--- Task prompt ---
Write out again, unchanged, the line that has "Levi's levis 560" and each following line through the end of the entries below; leave pictures out.
(Beginning of Records provided)
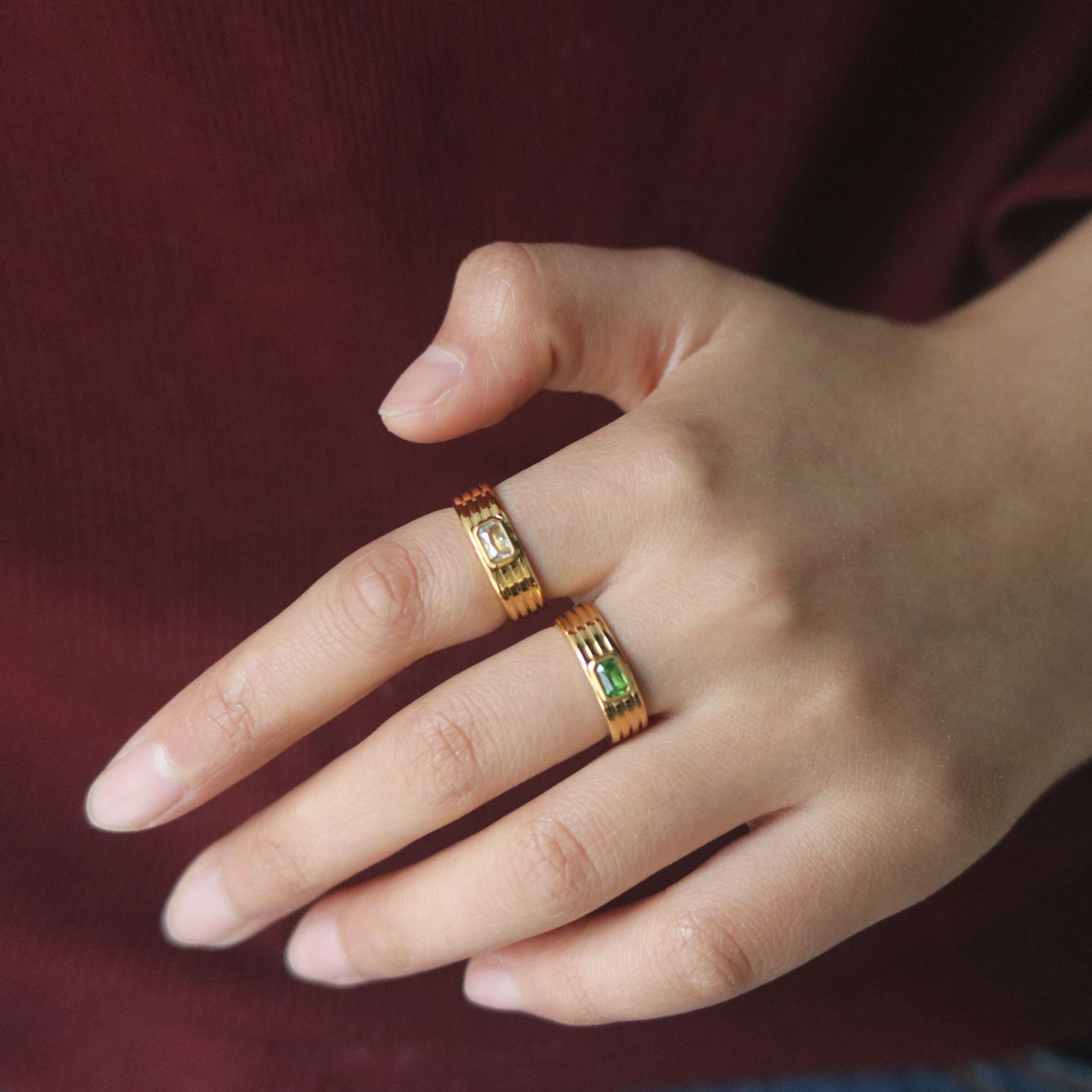Green Stone Ribbed Ring, waterproof 18k gold-plated stainless steel
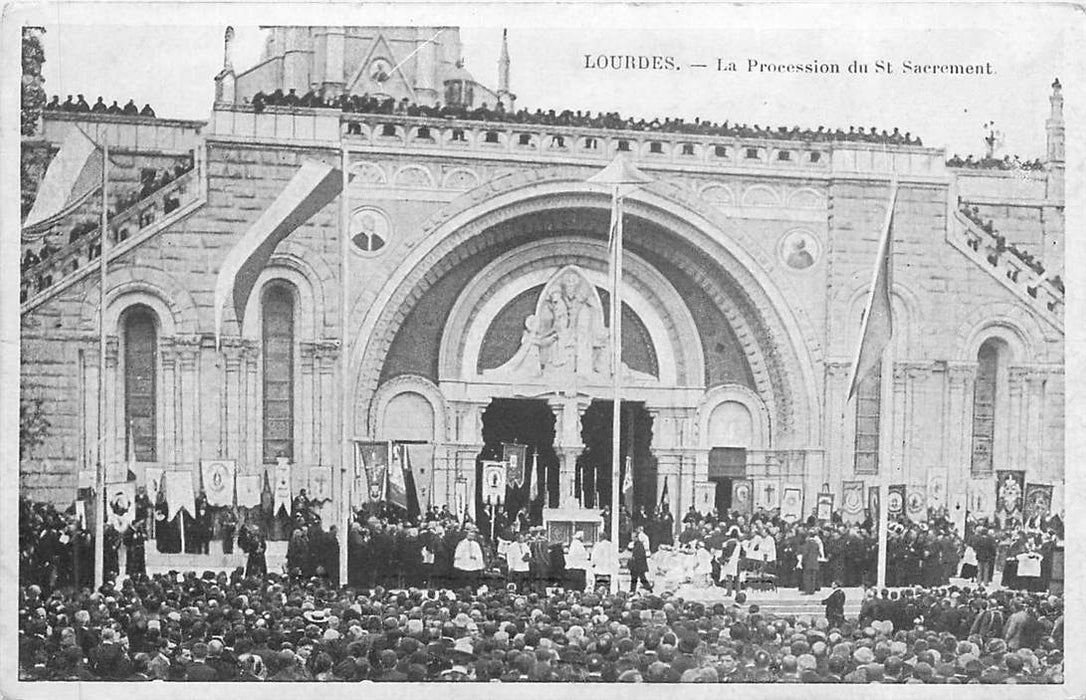 Lourdes La Procession du St. Saerement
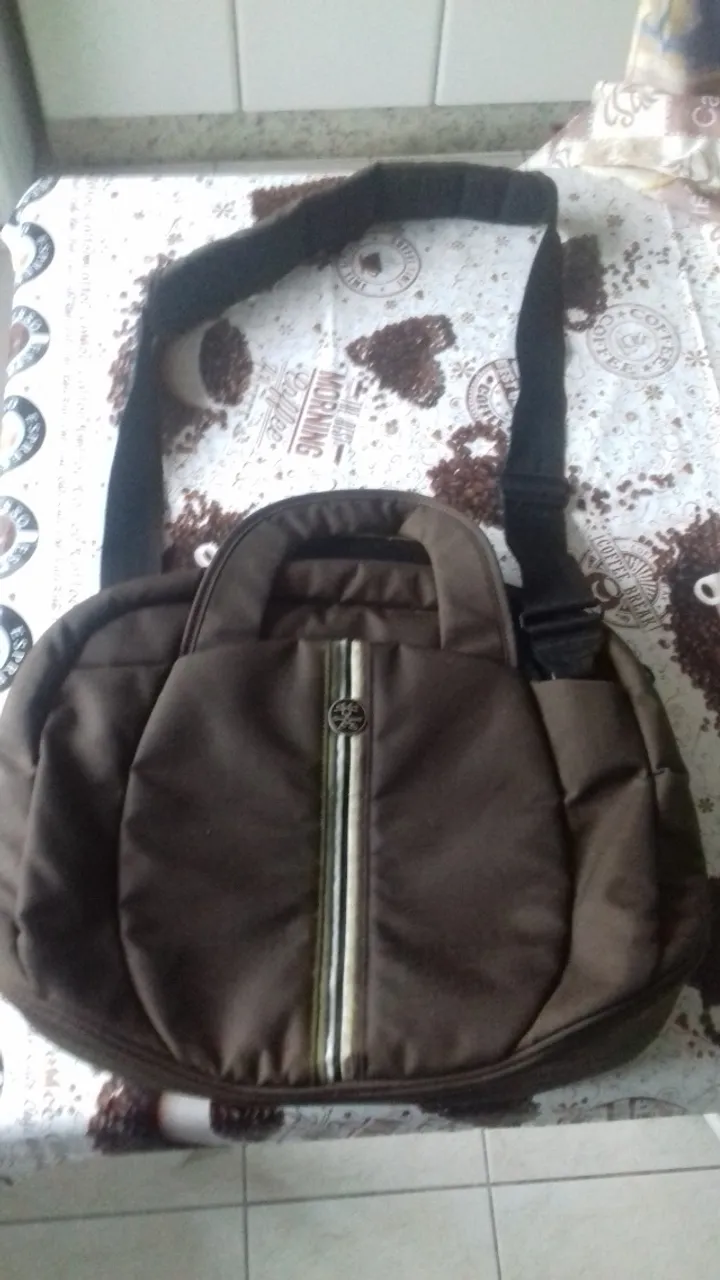 mochila e pasta quase nova tecido forte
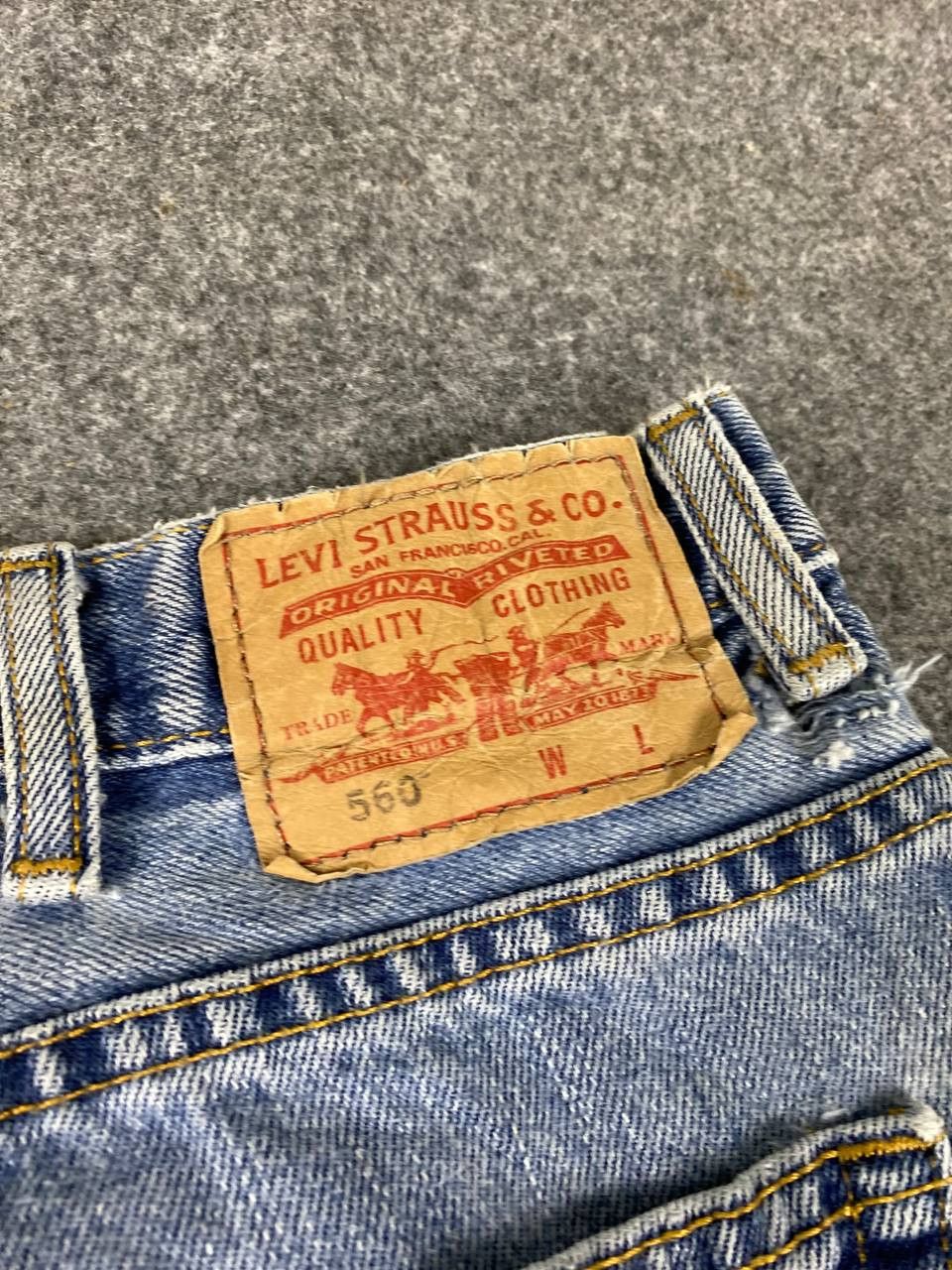 Levi's levis 560 comfort fit paint splatter distressed baggy denim Size US 44 / EU 60 - 5 Thumbnail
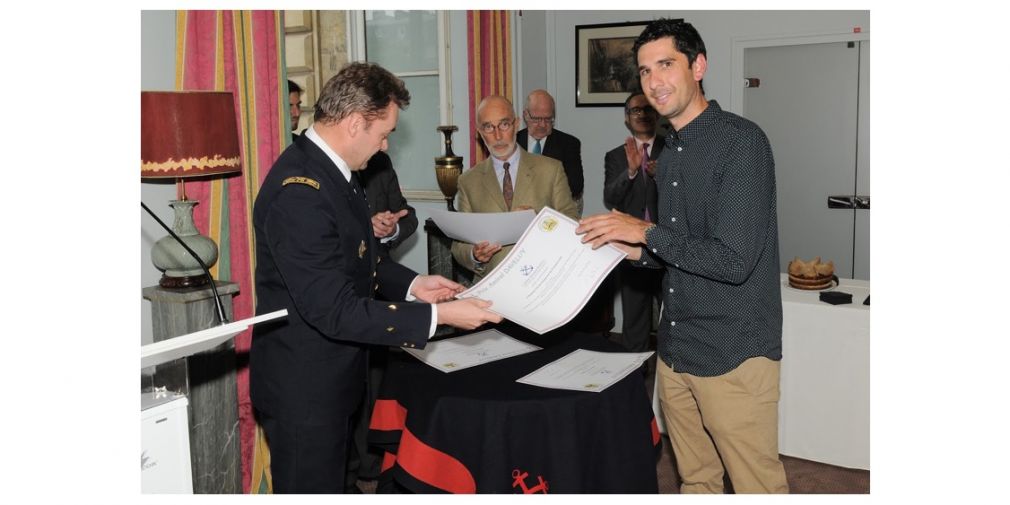 Orens de Fommervault reçoit le prix "Amiral Devaluy" à l’École militaire de Paris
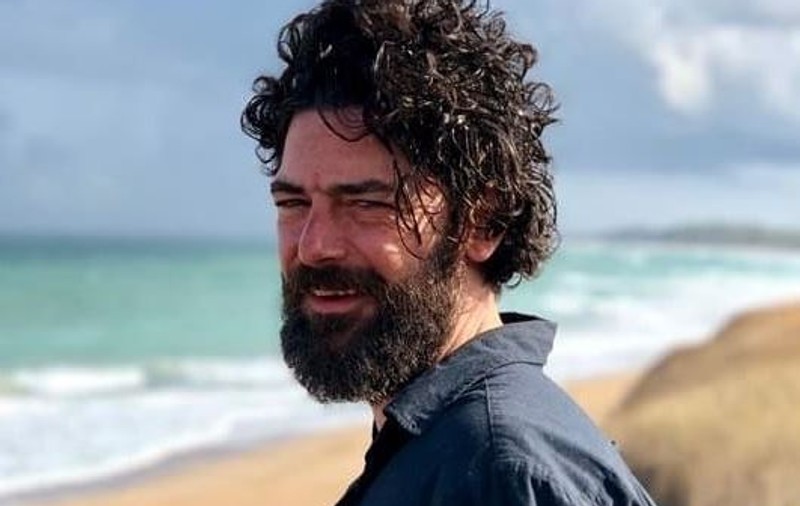 Ce face Dan Bordeianu de când s-a mutat la țară. Cum arată casa actorului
(End of Records provided)
--- Answer to this problem ---
 Levi's levis 560 comfort fit paint splatter distressed baggy denim Size US 44 / EU 60 - 5 Thumbnail
 Orens de Fommervault reçoit le prix "Amiral Devaluy" à l’École militaire de Paris
 Ce face Dan Bordeianu de când s-a mutat la țară. Cum arată casa actorului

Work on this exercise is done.